Ashley Emerson | Jeannette
Previous roles with The Metropolitan Opera include Laura Fleet, Marnie (North American premiere); Brigitta, Iolanta; Papagena, The Magic Flute, Giannetta, L’elisir d’amore, and Barbarina, Le nozze di Figaro. She has appeared in major roles with On Site Opera, Opéra National de Bordeaux, Théâtre du Capitole de Toulouse, Dallas Opera, Washington National Opera, Atlanta Opera, Los Angeles Opera, Pittsburgh Opera, and others.
Ms. Emerson is a graduate of the Lindemann Young Artist Development Program and has appeared in over 200 Metropolitan Opera performances. She trained at Marlboro Music Festival, Verbier Festival, and Opera Theatre of Saint Louis as a Gerdine Young Artist. Ms. Emerson is a graduate of the University of Southern Maine School of Music
Zhengyi Bai | Colin
In 2022/23, Bai covered Valzacchi, Der Rosenkavalier, Metropolitan Opera; and performed as a Resident Artist with Opera San José, singing Basilio, Le nozze di Figaro; Dr. Caius, Falstaff; Hunchback, Die Frau ohne Schatten; and Goro (cover), Madama Butterfly, San Francisco Opera.

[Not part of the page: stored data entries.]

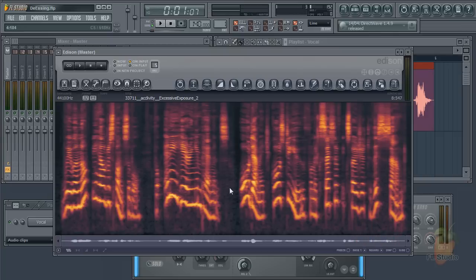So there are three ways, two free, that you can de-ess vocals in FL Studio. Until next time, enjoy your de-essing.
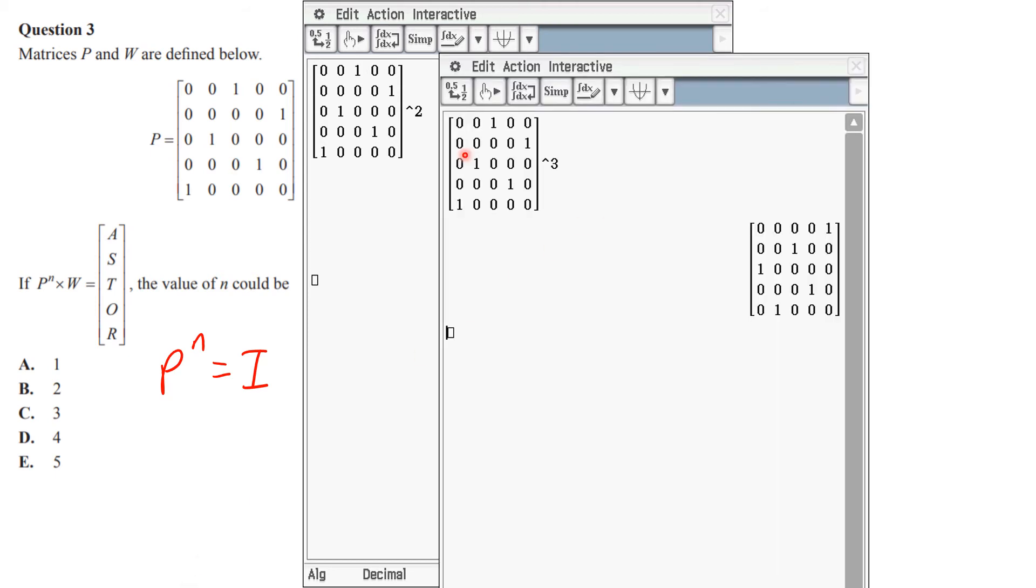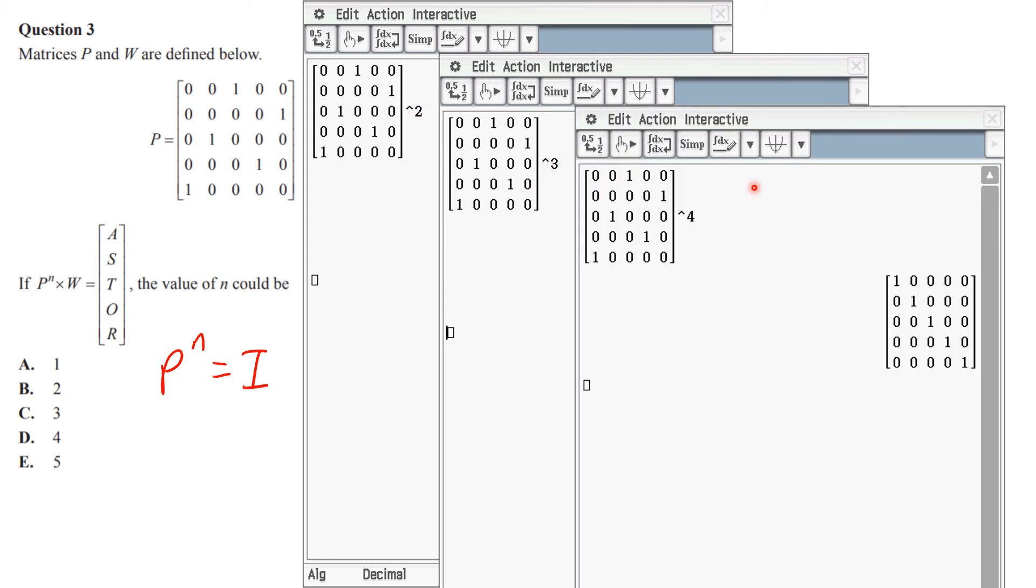I try just going back and changing that 2 to a 3, and then nope, still not the identity matrix. Then I go, hey, P to power of 4. You don't have to do any labeling, so if you just go back and change this number very quickly...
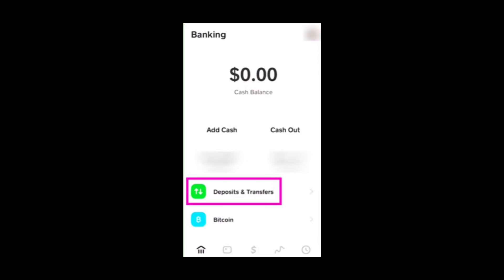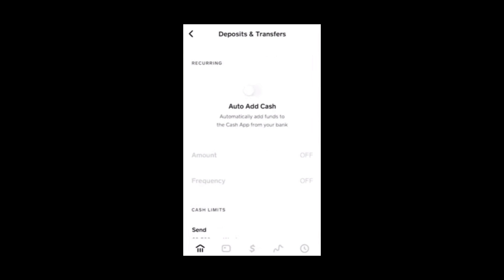Once you have enabled auto acceptance, you will never have to confirm payments again. Whenever new users use the Cash App, you can automatically accept payments and transfer them to your bank account. If you choose, you can accept payments without manually confirming them as well.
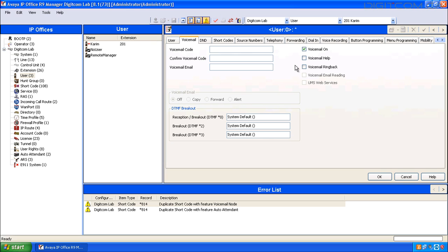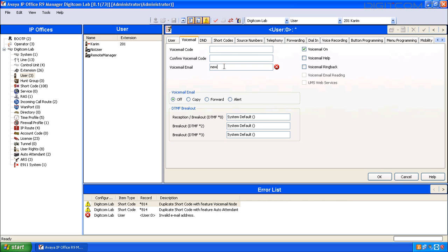Under the Voicemail tab, you'll notice the voicemail is on. If you don't want this user to have voicemail, turn it off. Populate the user's voicemail to email address if you think they'll want to use that feature. Select the voicemail to email mode: off, copy, forward, or alert.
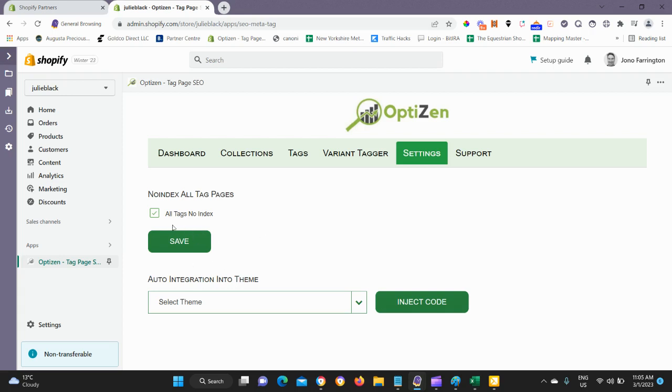So the first thing we'll do is check that box and click Save and that will add a no-index tag to all your pages.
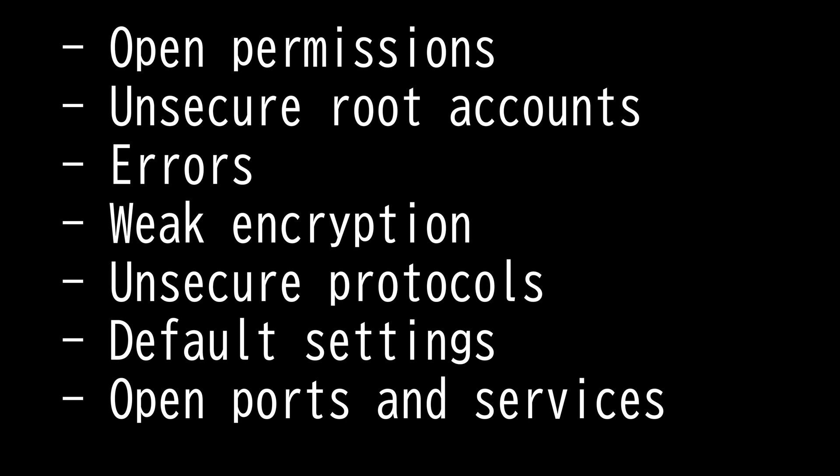Open permissions means that it is not protected with permissions. Anyone can access that file and utilize it. Permission and permission logs should be audited actively in order to keep the network secure.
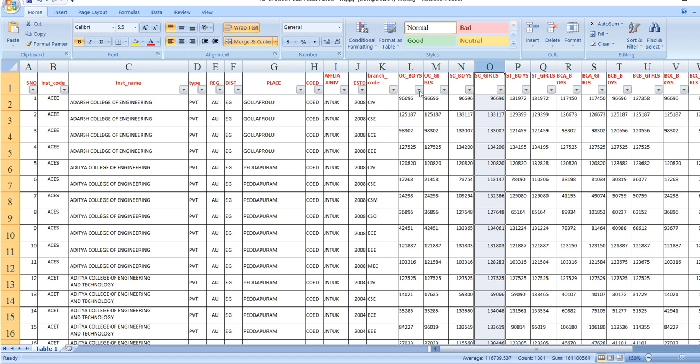Let's check this data from 50,000 to 60,000 rank range. You can get an idea of which course is available. For example, we will filter for OC girls category.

Bai’s recent roles include Fong See, On Golden Mountain, Los Angeles Opera; First Prisoner, Fidelio, San Francisco Opera; Dancing Master/Lamplighter, Manon Lescaut, San Francisco Opera; Remendado, Carmen, San Francisco Opera; and Alessandro, Il Re Pastore, Merola Opera. In recitals and concerts, he has performed in the Schwabacher Recital Series in San Francisco and the Adlers showcase “The Future is Now” concert with the San Francisco Opera Orchestra.
Born and raised in Shandong province of China, Bai began his studies as a piano performance student and collaborative pianist. With a solid musical foundation of piano study, Bai flourished in his vocal studies, beginning in Shandong, China and continuing his opera training in the United States. Bai was a participant of the Merola Opera Program, and then invited to join the renowned Adler Fellowship Program at San Francisco Opera.
Sandra Piques Eddy | Dorothée
Past highlights include Dinah, Trouble in Tahiti, Opera North (UK) and six role debuts: Meg Page, Falstaff, Opera Colorado; Euridice, Orfeo ed Euridice, Portland Opera; Suzuki, Madama Butterfly, Inland Northwest Opera; Paula, Florencia en el Amazonas, Pittsburgh Opera; Adalgisa, Norma, Boston Lyric Opera; and Mistress Revels, Prince of Players, Florentine Opera, the recording of which was nominated in 2018 for a Grammy Award. A highlight of Miss Eddy’s career is her work in Japan: invited by Maestro Seiji Ozawa, she appeared at his Tokyo Music Academy in her signature role of Carmen and toured with the production in two separate seasons.
“A sweet treat! With attractive, colorful sets…snappy stage-directing, an agile orchestra…and a new and witty English adaptation by Boston playwright Kirsten Greenidge.”
– The Boston Globe
Feb 18, 2024
“A joyous delight! Funny, romantic, and splendidly sung!”